When we face the unknowns ahead of us, fear can creep up to the forefront of our experience, and direct our imagination into the realm of anxieties. As entrepreneurs, we know this grab bag of anxieties all too well: the restlessness, working long hours to stay ahead of things, sleepless nights, and feeling like you don’t know what you don’t know and can’t learn fast enough to avoid potential failure (as if knowledge-in-and-of-itself really protected us). It’s hard to know which way to go, what to say, or who to listen to. Knowing where you are, and having a clear connection to all the knowing available to you when you’re calm, can give you the clarity you need to navigate from a place more expansive than the contraction of fear.

Shizu Okusa, Founder & CEO of Wellthy & Co, notes in this podcast conversation that “the pull of the shoulds from the past tug at the anxieties of the future.” She, of course, is in the middle there, feeling the tug and pull from each side. This can happen to many of us, in any myriad of ways. Some of us fall prey to imposter syndrome at this juncture. Sometimes, we simply have a hard time knowing which way to go. Sometimes, we are not sure how to appease both tug and pull via our obligation and guilt. 

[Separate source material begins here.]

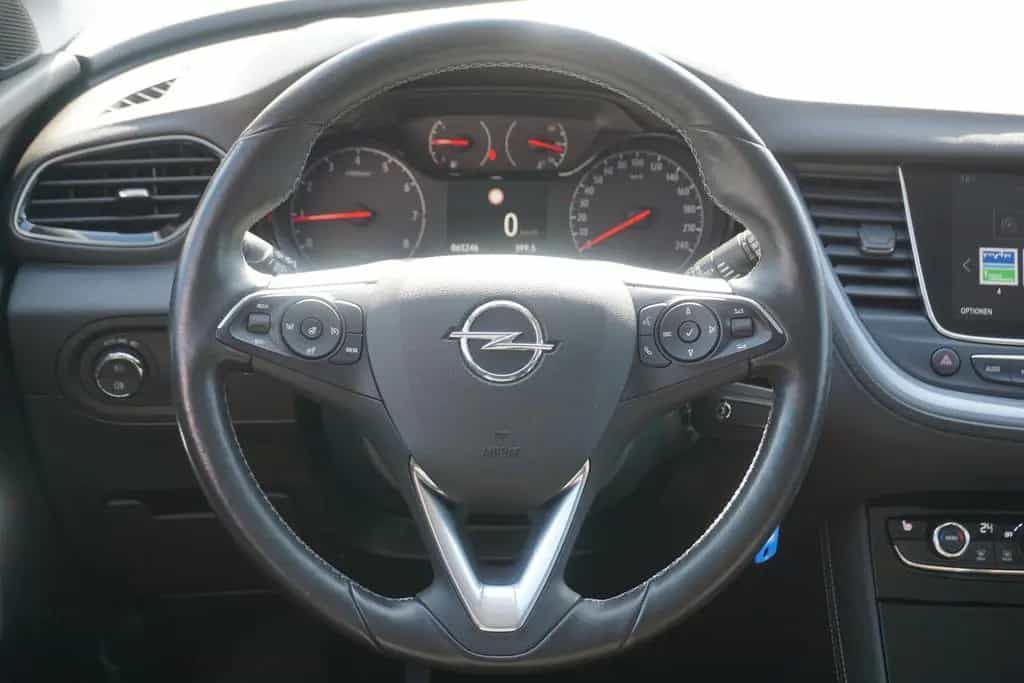 Opel Grandland 1.2 Edition LED Navi Kamera Tempomat 01/2019-photo-20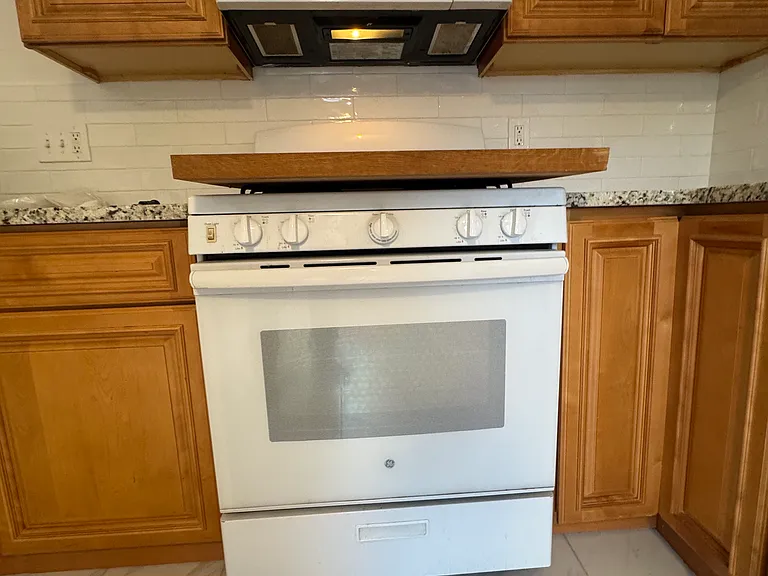 26 Wells Ave #2 — Photo 33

Fear can trap us from being our fullest self in no shortage of ways. Like, that thing we can sometimes do where we can get caught up mitigating things that haven’t happened yet, in response to things we haven’t even done yet (For example, “If I do X, then someone will do Y (like explode). Therefore, I can’t do X. But I want to do X. But what if doing that thing backfires in some way?”) When I begin managing the perceived possibility of someone else’s reaction to something I’ve done, did, or want to do, then I know my past is showing up in my present (and I’m not really grounded in reality). The tangle of that web of anxiety feels like the fly tape that holds me stuck in the fear of losing a sense of safety, love, and belonging from someone/something ‘out there.’ In moments like that, my clarity of self, sovereignty, intention, and action is obfuscated by my fears about what other people will say or do to me if I do the thing I want to do. Or, even, if I be who I am. 

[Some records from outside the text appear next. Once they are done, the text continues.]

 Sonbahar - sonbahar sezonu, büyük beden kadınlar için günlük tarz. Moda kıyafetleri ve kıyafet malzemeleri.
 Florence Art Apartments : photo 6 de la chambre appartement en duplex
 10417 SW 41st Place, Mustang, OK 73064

In that move, the proverbial “they” have all the power over me. When I give up my power in this way, I abandon myself. Fear overrides my agency, my own two feet on the ground, and my own seat in the saddle.  I forget that power was mine in the first place. 

We can give up our power in as many ways as we let fear drive us. The good news is: We can take it back whenever we’d like. 

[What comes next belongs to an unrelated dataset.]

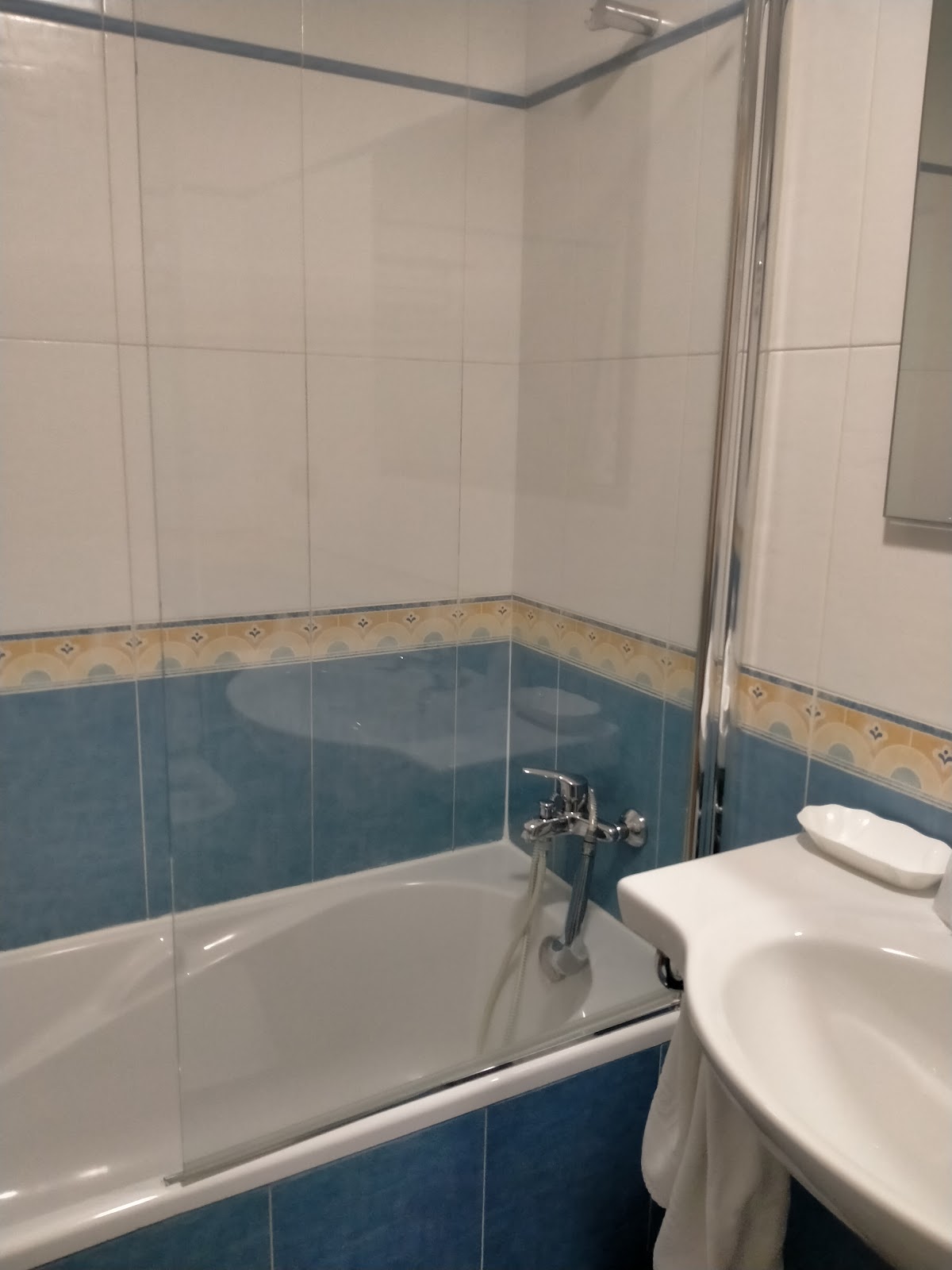 Hostal Rio Selmo photo 10, pension accommodation in Ponferrada on the Camino Frances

If only we could get it “right,” we think, then maybe we’ll be bulletproof and won’t feel the sting of our stronger emotions when they arise. Maybe then we won’t feel so paralyzed by them, or maybe we’ll be impervious and not feel the turbulence of intense emotions. 

Maybe if we had our shit together we’d get it right. If we read the right books, knew all the… things, mastered our our day-to-day living such that we could do all the things in a day to keep ourselves together: work out, meditate, eat well, work with a sense of purpose, be a good parent and partner and lover, save for retirement, floss, stretch, journal, and drink enough water. It’s hard to have your shit together according to the world out there. It’s easy to feel like we’re flailing and failing if we rail against that bar of, er, perceived superhuman excellence. 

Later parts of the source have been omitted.